[Cryptography] A TRNG review per day: Turbid

Clemens Ladisch clemens at ladisch.de
Tue Oct 28 17:28:40 EDT 2014


Bill Cox wrote:
> Turbid ideally uses a 24-bit sound card, though a 16-bit might work.  I see
> a Creative Labs Sound Blaster 24-bit audio card at New Egg.  Is this the
> sort of card recommended?

Creative builds many kinds of cards, good ones and somewhat cheap ones.

Turbid needs a sensitive input because its proof of the entropy lower
bound requires that the thermal noise of the resistor at the input
connector (assuming that such a resistor exists) can be measured.  Even
a bad sound card can have a high enough sensitivity if it amplifies its
input by a large enough factor (a bad sound card will add more noise,
but that does not matter for the proof).

24-bit cards do not need much amplification and should be good enough.
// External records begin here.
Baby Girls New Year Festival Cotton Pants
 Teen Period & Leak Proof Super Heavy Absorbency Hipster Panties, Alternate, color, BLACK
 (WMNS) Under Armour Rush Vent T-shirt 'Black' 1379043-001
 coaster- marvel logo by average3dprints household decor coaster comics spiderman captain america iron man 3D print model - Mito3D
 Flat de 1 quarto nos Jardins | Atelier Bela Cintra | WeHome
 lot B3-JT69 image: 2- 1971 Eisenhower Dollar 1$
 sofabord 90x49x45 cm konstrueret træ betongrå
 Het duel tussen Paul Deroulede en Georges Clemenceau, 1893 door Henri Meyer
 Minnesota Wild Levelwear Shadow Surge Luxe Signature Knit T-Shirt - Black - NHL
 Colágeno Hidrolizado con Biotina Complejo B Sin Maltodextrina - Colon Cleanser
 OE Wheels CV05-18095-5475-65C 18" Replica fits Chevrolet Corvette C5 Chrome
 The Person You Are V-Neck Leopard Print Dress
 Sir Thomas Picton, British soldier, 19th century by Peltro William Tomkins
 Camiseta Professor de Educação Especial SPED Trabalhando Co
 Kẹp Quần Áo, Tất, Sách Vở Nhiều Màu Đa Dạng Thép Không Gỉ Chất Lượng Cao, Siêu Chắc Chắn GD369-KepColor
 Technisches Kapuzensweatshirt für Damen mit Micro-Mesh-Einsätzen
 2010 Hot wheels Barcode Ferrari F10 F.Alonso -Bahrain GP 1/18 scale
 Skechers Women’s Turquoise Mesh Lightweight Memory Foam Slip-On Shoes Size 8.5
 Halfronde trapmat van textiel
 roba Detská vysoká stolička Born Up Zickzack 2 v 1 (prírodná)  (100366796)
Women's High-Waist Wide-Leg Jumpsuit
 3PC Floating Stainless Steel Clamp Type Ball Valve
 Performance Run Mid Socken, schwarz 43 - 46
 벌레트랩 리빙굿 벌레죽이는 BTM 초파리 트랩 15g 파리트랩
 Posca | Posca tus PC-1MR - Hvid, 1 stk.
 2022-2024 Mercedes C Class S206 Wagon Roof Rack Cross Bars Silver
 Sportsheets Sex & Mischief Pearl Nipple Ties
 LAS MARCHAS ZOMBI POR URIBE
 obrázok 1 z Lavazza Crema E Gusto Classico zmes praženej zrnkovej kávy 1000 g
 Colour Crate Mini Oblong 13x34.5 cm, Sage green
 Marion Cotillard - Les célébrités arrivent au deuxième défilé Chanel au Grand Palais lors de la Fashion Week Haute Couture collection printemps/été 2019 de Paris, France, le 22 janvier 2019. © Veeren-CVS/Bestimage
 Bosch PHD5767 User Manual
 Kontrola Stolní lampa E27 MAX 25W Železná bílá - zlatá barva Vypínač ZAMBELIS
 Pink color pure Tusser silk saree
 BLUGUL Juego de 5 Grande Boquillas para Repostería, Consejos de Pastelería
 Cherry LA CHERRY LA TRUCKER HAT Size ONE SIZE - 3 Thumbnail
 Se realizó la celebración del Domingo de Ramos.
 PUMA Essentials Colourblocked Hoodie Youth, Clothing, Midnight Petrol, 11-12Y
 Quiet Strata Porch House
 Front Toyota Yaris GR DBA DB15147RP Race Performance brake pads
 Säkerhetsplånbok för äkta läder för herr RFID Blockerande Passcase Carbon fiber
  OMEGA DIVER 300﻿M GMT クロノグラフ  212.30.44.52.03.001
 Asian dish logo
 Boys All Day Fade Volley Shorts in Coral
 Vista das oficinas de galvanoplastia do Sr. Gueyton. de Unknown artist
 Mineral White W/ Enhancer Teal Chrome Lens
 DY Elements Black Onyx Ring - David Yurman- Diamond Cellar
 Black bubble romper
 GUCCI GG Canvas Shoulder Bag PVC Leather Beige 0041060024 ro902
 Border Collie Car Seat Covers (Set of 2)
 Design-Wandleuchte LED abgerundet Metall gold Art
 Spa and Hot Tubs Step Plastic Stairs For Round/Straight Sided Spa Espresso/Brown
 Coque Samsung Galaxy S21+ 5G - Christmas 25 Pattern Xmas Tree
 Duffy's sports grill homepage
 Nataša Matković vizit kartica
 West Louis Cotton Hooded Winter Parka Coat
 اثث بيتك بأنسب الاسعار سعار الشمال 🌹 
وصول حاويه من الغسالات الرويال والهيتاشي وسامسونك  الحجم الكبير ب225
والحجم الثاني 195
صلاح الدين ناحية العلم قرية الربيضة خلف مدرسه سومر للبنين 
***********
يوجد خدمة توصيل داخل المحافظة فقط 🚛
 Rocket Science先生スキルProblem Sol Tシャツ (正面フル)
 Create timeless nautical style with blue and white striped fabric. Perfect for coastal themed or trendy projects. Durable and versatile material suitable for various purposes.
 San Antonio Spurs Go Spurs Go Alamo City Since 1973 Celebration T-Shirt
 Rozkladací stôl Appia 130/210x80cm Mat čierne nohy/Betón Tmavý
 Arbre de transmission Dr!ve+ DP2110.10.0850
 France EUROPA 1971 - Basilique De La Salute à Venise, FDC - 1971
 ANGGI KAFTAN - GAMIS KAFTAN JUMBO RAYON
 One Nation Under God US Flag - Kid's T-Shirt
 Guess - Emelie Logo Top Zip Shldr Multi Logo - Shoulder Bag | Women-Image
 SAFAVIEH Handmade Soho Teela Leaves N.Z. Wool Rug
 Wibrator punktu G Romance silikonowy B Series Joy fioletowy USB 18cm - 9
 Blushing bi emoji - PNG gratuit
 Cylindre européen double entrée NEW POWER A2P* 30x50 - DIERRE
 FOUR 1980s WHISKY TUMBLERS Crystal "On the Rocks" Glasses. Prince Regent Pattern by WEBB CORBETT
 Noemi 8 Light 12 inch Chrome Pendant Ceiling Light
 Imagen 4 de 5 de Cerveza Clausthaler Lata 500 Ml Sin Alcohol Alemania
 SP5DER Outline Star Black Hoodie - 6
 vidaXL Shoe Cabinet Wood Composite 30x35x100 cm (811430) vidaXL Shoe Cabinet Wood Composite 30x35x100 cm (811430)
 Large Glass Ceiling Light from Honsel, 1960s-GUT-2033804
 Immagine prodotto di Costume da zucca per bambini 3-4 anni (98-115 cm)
> On Mon, Oct 27, 2014 at 4:47 PM, Clemens Ladisch <clemens at ladisch.de> wrote:
>> Bill Cox wrote:
>>> Sound outputs will be correlated when sampled at high speed.
>>
>> If the output contains _only_ white noise, there will be the same amount
>> of noise at all frequencies, so the sample rate would not matter.
>
> This is inaccurate.  White noise with energy in every frequency would have
> infinite energy and destroy the universe.

:-)
Thermal noise will go high enough for any sampling rate we can use.

> In this application, I believe the frequency of interest is the cutoff
> frequency of the anti-aliasing filter, which is somewhat lower than
> 1/2 the sample rate (Niquist frequency).

Sound cards do not have single anti-aliasing filter.

A typical ADC chip has a delta-sigma modulator running at about 6 MHz,
which requires an external analog filter that reduces noise at that
frequency.  The modulator is followed by a digital decimation filter
that goes very near the Nyquist frequency of the currently used sample
rate.  (There also is a high-pass filter to remove any DC offset from
the input.)

> If you sample at the maximum supported sample frequency, you will do a
> better job capturing the entropy that is there, but sampling at a rate
> beyond the anti-aliasing filter cut-off frequency ...

This cut-off frequency is not independent of the sample rate.

> Turbid, from what I read in the paper, does not adaptively estimate
> entropy, which makes it's health monitor fairly weak, IMO.

Does it monitor anything _at all_?  As far as I can see, it blindly
stuffs samples into the hash function and trusts the calibration (and
that nobody attenuated or muted the input, accidentally or not).